New features of DB and dsql planned for ATK 4.0

Wednesday, June 9th, 2010|Brainstorming, Version 4|by Romans

Based on our current usage and user feedback we are preparing to start development on a new database layer. Thanks to new cool features in PHP (PDO) it’s going to be real easy. However we plan to add some exciting new features such as:

  • Rely on PDO, DSN format will change
  • Single-table dsql. You can still use joins, which will create multiple dsql instances and make them work together seamlessly.
  • Automatic alias management.
  • Database driver decides when to fetch data and how.
  • Clone-friendly
  • Multi-table update() and insert(). MySQL have some support for multi-table update, but this feature will take it to a whole new level.
  • Support for simple storage such as SimpleDB. Database engine will allow to compensate for missing [R]DB features.
  • dsql Implementation of Iterator, Countable, Seekable and more for nice syntactic sugar.
  • Much stricter towards field use. Do not allow developers to slip in any SQL logic.
  • Support for expression objects. Similar to $this->js(), this will allow you to build sql operators and functions dynamically
  • Proper support for sub-selects. Sub-select being another dsql query.
  • Better debugging
  • Automated tests
  • Transaction support.

I’m sure some of those features are really nice, while others might be not welcome. This is your chance to vote for which features you want to see and which you think are useless. But first of all – the whole controller have been rewritten from scratch. We do however plan to maintain API compatibility.

PDO support

PDO is a object layer enabled by default since PHP5.1+. There however will be way to add your own database drivers.

Sample config line, which is by the way now optional. DB driver will attempt to connect to localhost and use realm as database by default:

$config['db']['dsn']=’mysql:host=127.0.0.1;dbname=agileweb’;

PDO also comes with a great support for prepared queries.
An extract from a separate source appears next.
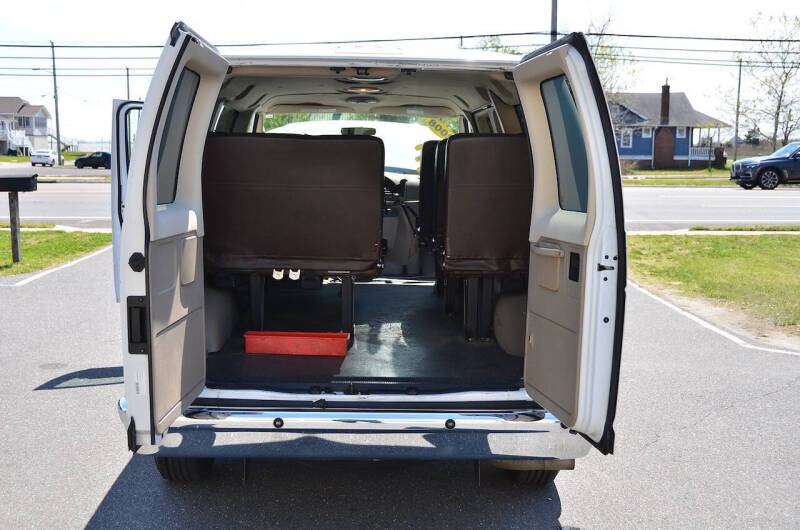 2008 Ford E-Series E-150 XLT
Those are used absolutely transparently so you as developer don’t need to worry about those at all.

Single-table dsql

Current (3.8) implementation of dsql would store all the joins in a array property and it wouldn’t care about the actual tables and fields. New implementation creates one object for each table and all objects are working in conjunction to build queries.
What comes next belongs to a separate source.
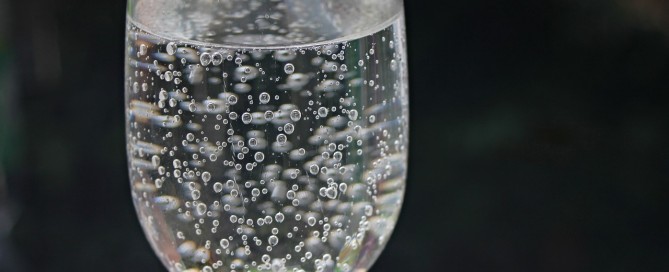 The Differences Between Sparkling and Mineral Water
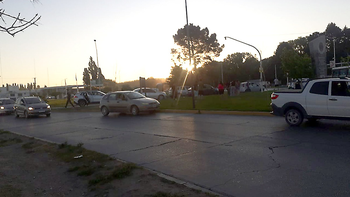 Escándalo en la rotonda 22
But following this approach, we can now reliably track which tables participate in the query. Example:

[php]
$q=$this->api->db->dsql();
$q->table(‘employee’)
->field(‘name’)
->field(‘surname’)
->join(‘job’)
->field(‘job.salary’)
;
[/php]

In this example  we implement a simple query across two tables. The following will be executed:

SELECT name,surname,job.salary FROM employee INNER JOIN job ON employee.job_id=job.id;

However what you seen here is compatibility form and you can be in problem if you use same table several times. There is a way to do it more flexibly however.

Automatic alias management

When you work with multiple tables and large selects, you often will face problem of table aliases. Here is how new dsql solves that:

[php]
$q=$this->api->db->dsql();
$q->table(‘employee’)
->field(‘name’)
->field(‘surname’)
->addJoin(‘employee’,'boss_id’)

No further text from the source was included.